Map Exercise

Here is yet another writing prompt from my nonfiction class. We had to “map out” a place we’re familiar with whether it’s our favorite place, a place we go to all the time, or a past place that we no longer go to. The prompt was geared more towards describing the physical place than actually telling a story of that place.

Enjoy.

            One of my favorite places is inside Trinity church, which I have attended since I was very young. It’s two buildings in one connected by a large hall that is usually rented out. It has two addresses because of this and one area of the building was used for community outreach. It was called Hammond Square Preschool.
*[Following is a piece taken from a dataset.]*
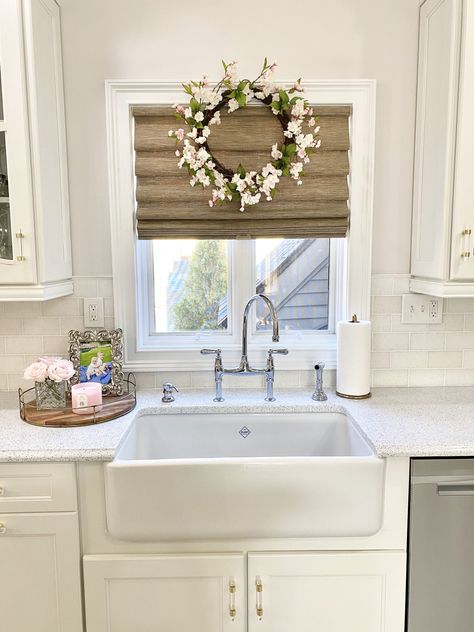 Kitchen Sink Decor Ideas Window, Window Dressing Ideas Kitchen, Kitchen Drapes Over Sink, Over Sink Curtains, Kitchen Window Curtains Over Sink Modern, Kitchen Sink Curtain Ideas, Kitchen Sink Blinds, Farmhouse Window Treatments Kitchen, Kitchen Window Coverings Over Sink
One of the two classrooms used to be called the blue room. It was set up into four large quarters making it rather large for a preschool classroom; most people assumed it to be two rooms in one. That was a major reason why the parents loved it so much; it was spacious. I can’t explain the room too much because it’s hard to remember what it looked like. Once the director was fired, the new director turned it into the yellow room. She repainted the walls to a pale yellow and worked with myself and the other teacher to rearrange the entire classroom.

Walking into the room and looking to the right was a rectangular table holding eight to ten kids for snack as well as the puzzles and coloring. Against the wall were two smaller rectangular tables holding about three kids with a shelf in the middle connecting the two. One table was the math center and the other was the science center. Each table had a bulletin board on the wall next to it and each was changed monthly to a different math and science theme. Two tall white cabinets were added in two corners of the room in order to give the teachers more room for supplies as well as shelves built in underneath the counter to store the table choices for the kids to get at their leisure.

To the first left was the book corner, except it was a raised platform. We took six cubbies and laid them flat draping a green rug over to make it more comfortable. We added pillows, stuffed animals, and a white canopy to hang over the area. We added a larger bookshelf so the kids had more variety. Next to that was dramatic play, but it was bigger with a rack to hang dress-up clothes and also a small nook was built under the counter for the kids to play in.

To the second right after walking into the room was the cubby area with a large blue rug for circle time. More shelf space was added underneath the counter in order to store more blocks for the kids. To the second left was the art area with a circular table holding about four kids. Two sinks were added into the room as well as a brand new blue padded easel attached to the wall for two kids at a time to use. Shelves were added in the wall as a drying rack and shelves were added under the counter for white and construction paper for the kids to use. Another white cabinet was added in the corner for the teachers.

Myself and the other teachers were excited for these changes. It looked so much better than the original blue room. It was as though we were starting fresh, which was something we all needed after having a falling out with the old director of the school. The children loved it and the parents were very pleased; especially with the yellow color because they thought the room looked a lot brighter between the paleness of the yellow and also the natural sunlight coming in from the windows.

However, while the building is still there and the church still carries on, Hammond Square Preschool does not exist anymore. I worked there for only two and a half years because back in December 2013 the school closed. The enrollment was too low to keep the school open. It was a devastating time for the current families as well as the teachers. The parents had to find a new school for their children in the middle of the school year and the teachers had to find new jobs. It also hurt the church to have to close its doors since the church owned the preschool and it had been open for a long time. The preschool was a huge part of the church, so it was as though a huge chunk of the church was missing.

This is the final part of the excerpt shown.